Esta atuação do Goldman Sachs no caso BES não representa um evento excepcional. Pelo contrário, a história deste banco norte-americano é pautada de inúmeros 'casos' e passagens por 'portas giratórias' (entre política e finanças) que favorecem o 'insider trading' e o 'inside job'.

Abutres
O Goldman Sachs tem surgido, direta ou indiretamente, relacionado com as mais polémicas operações desde que eclodiu a crise financeira: entre outras, o swap grego ou o caso Abacus.

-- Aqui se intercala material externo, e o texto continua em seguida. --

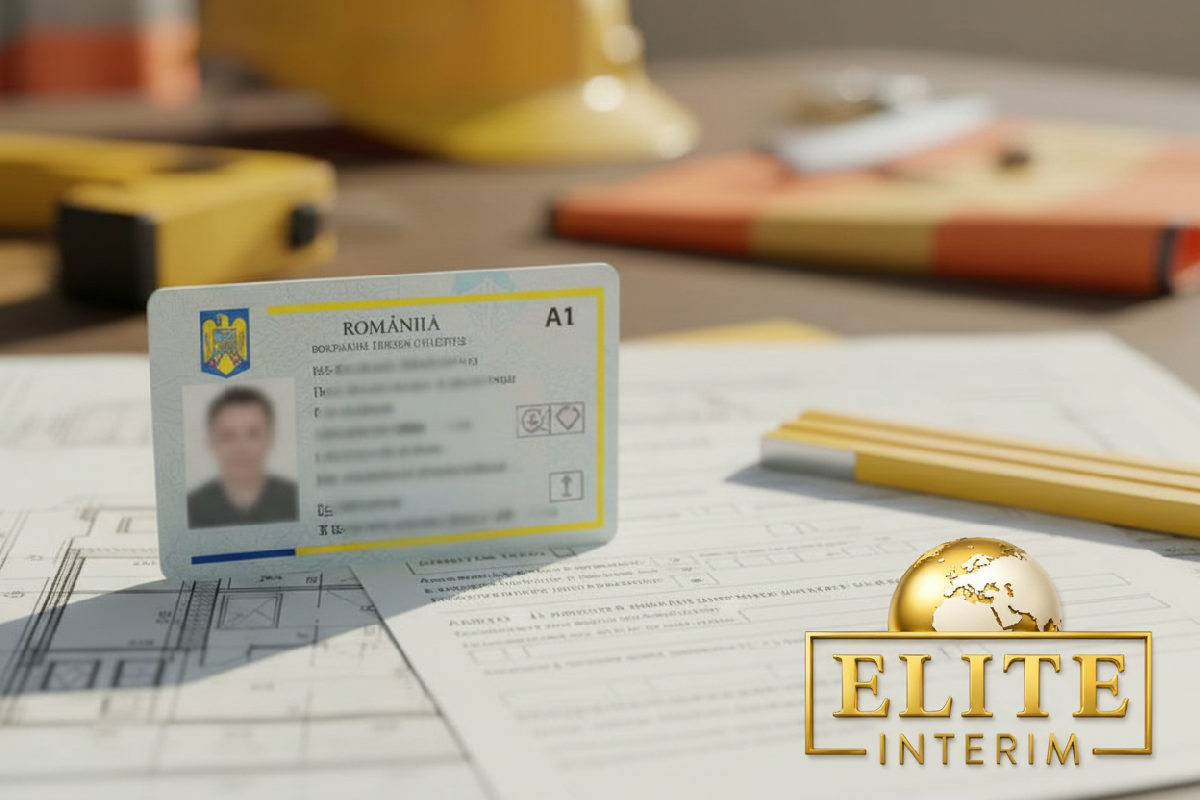 Carte d'identité roumaine et formulaire A1 sur un plan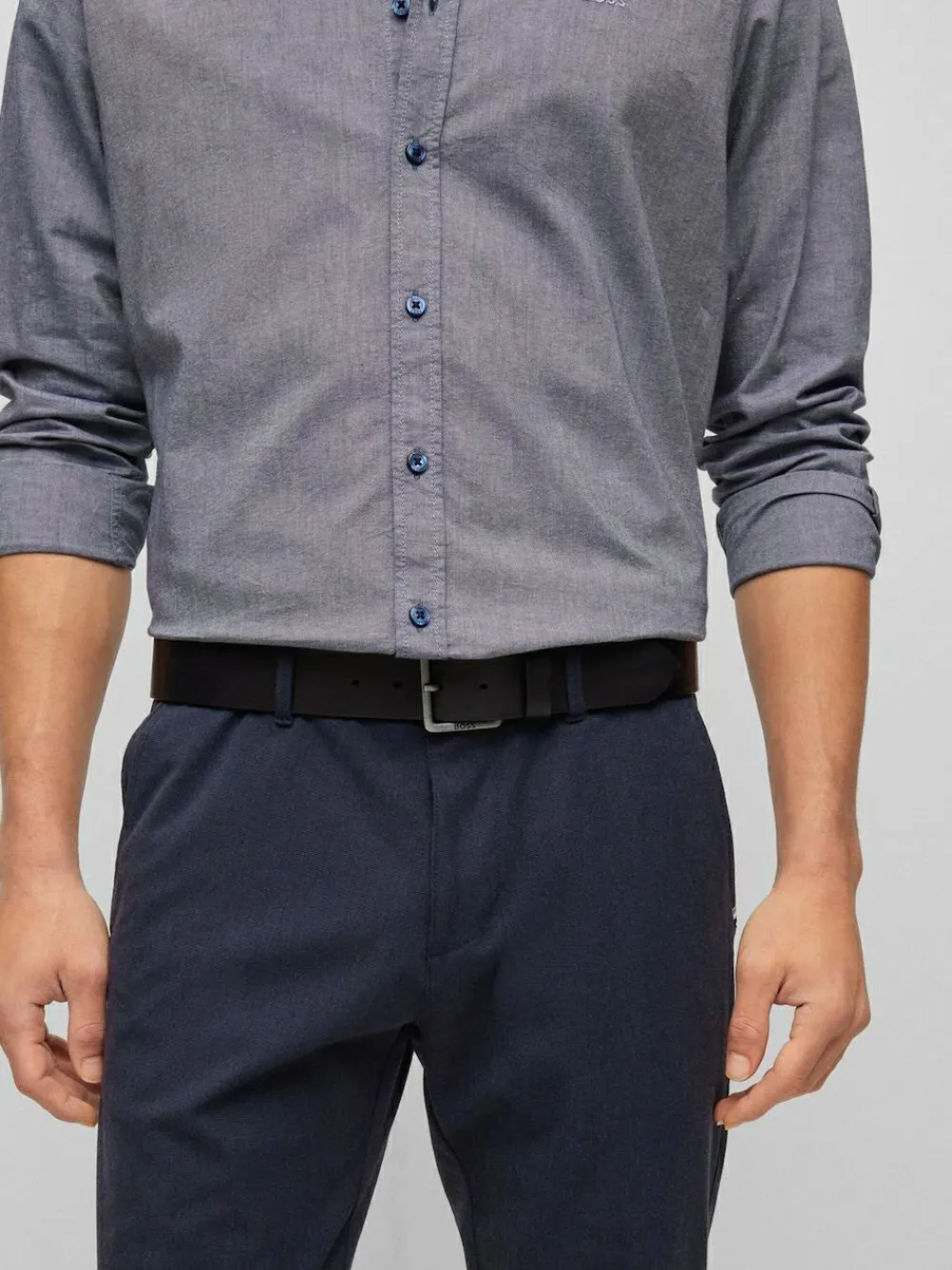 Online BOSS Baxton Leather Belt Black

A troco de uma elevada comissão, a partir de 2002, o Goldman Sachs 'ajudou' a Grécia a encobrir os reais números do défice, através de 'swaps' cambiais com taxas de câmbio fictícias, o que na prática permitiu a este país aumentar a sua dívida sem reportar esses valores a Bruxelas. Em 2005 vendeu os 'swaps' a um banco grego protegendo-se assim de um eventual incumprimento por parte de Atenas. No início de 2010, e ao mesmo tempo que desempenhavam a função de consultores dos Governos, os analistas do Goldman recomendaram aos seus clientes a aposta em 'credit-default swaps' (CDS) sobre dívida de bancos gregos, portugueses e espanhóis. Estes CDS são instrumentos que permitem ganhar dinheiro com o agravamento das condições financeiras de determinado país.

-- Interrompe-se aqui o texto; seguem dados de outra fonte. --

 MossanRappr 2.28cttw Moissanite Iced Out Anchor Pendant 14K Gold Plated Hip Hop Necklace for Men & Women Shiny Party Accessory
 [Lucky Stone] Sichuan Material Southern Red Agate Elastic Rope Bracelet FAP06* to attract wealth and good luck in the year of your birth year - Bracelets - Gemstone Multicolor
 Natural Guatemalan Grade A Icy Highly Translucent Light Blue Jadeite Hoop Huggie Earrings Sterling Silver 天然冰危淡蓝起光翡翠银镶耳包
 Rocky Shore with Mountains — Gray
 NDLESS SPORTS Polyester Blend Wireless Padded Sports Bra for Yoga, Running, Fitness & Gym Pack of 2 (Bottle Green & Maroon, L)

O Abacus foi o nome que o Goldman Sachs deu a um produto financeiro composto por hipotecas subprime de muito má qualidade que supostamente colocou à disposição de um dos seus melhores clientes, o hedge fund de John Paulson, que entretanto apostou contra o produto enquanto os clientes que investiam de verdade no produto sofreram avultadas perdas. Para evitar uma investigação sobre o caso o Goldman Sachs aceitou pagar, em julho de 2010, 550 milhões de dólares (coisa pouca se se tiver em consideração que o hedge fund arrecadou cerca de mil milhões de dólares numa única aposta).

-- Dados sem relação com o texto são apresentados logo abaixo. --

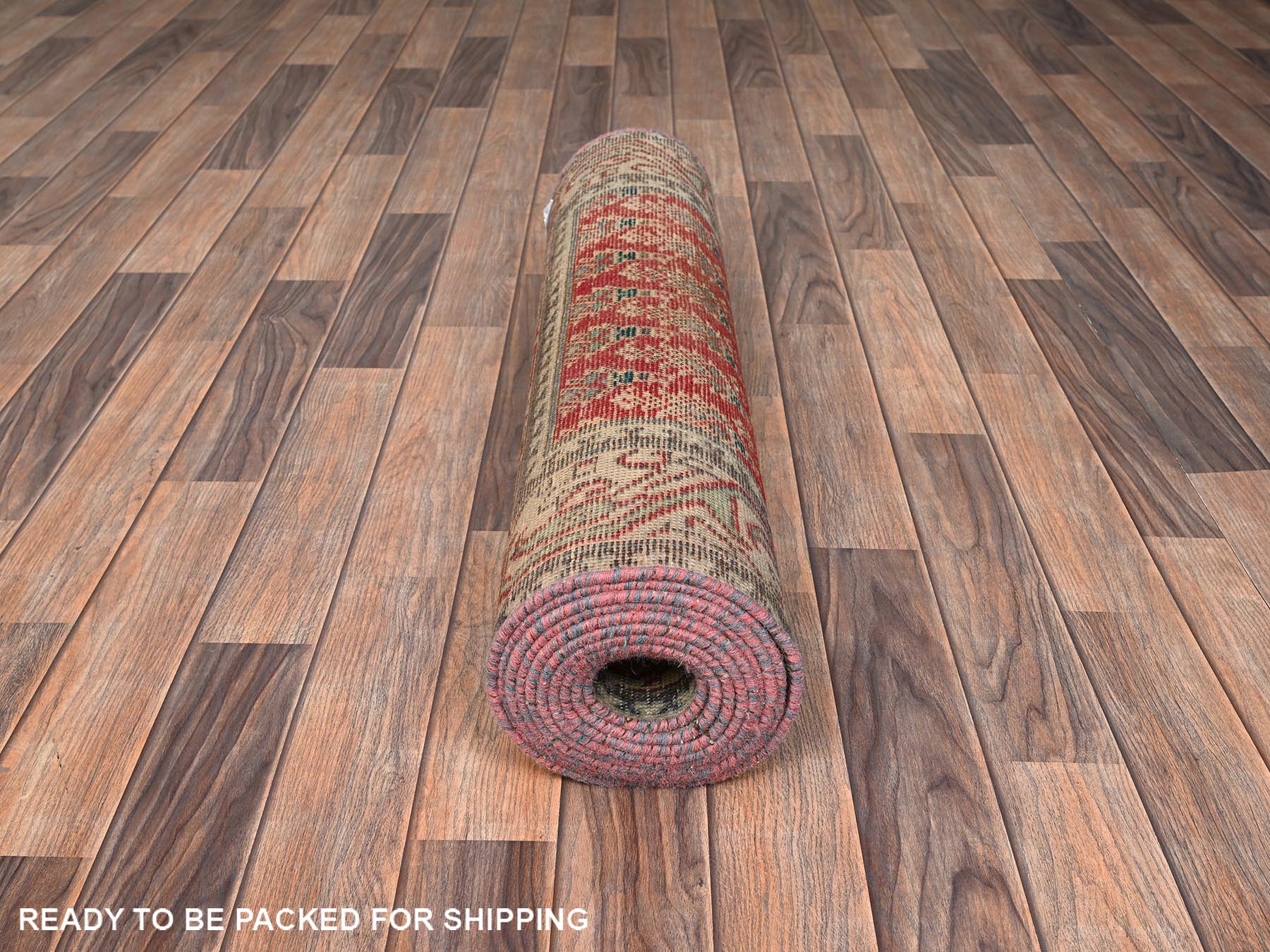 Tabriz Vintage hand-knotted wool runner in Red & Beige, 2'11" x 12'8" — SKU O01667 (view 5)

De acordo com o  Wall Street Journal , o Goldman Sachs era, em 2013, o único banco no top 10 (era o 3º) dos designados 'fundos abutre' (vulture funds). Um 'fundo abutre' é um hedge fund que investe em títulos (dívida) considerados muito fracos ou de entidades em iminente default/incumprimento. Mesmo entidades com um elevado nível de alavancagem podem ser alvo de um 'fundo abutre' se existir alguma possibilidade dos seus proprietários não cumprirem a totalidade dos pagamentos. Como o nome indica, estes fundos são como abutres que sobrevoam pacientemente o cadáver, esperando se apoderar do respectivo remanescente. O objectivo é a obtenção de elevados retornos a preços de saldo.

Tartarugas e polvos
O carácter metódico e prudente do Goldman Sachs, complementado por um dos seus lemas - 'apressar-se lentamente' -, valeram-lhe, em tempos, a alcunha de ' tartaruga '. A onda de desregulamentação financeira dos anos 1980 transformou a 'tartaruga' em 'polvo', com diversos ex-proprietários do banco a ocuparem importantes postos políticos em diferentes áreas do governo e em diversos países.
Robert Rubin, ex-diretor do Goldman Sachs, e acérrimo defensor da desregulamentação, foi ministro das Finanças (1995-1999) de Bill Clinton. Henry Paulson, ex-proprietário do Goldman Sachs, principal arquitecto do resgate do sistema bancário, foi ministro das Finanças (2006-2009) de George W. Bush.
Romano Prodi, ex-primeiro ministro italiano, e Mário Draghi, presidente do Banco Central Europeu BCE), tinham sido, respetivamente, conselheiro e vice-presidente do Goldman Sachs para a Europa.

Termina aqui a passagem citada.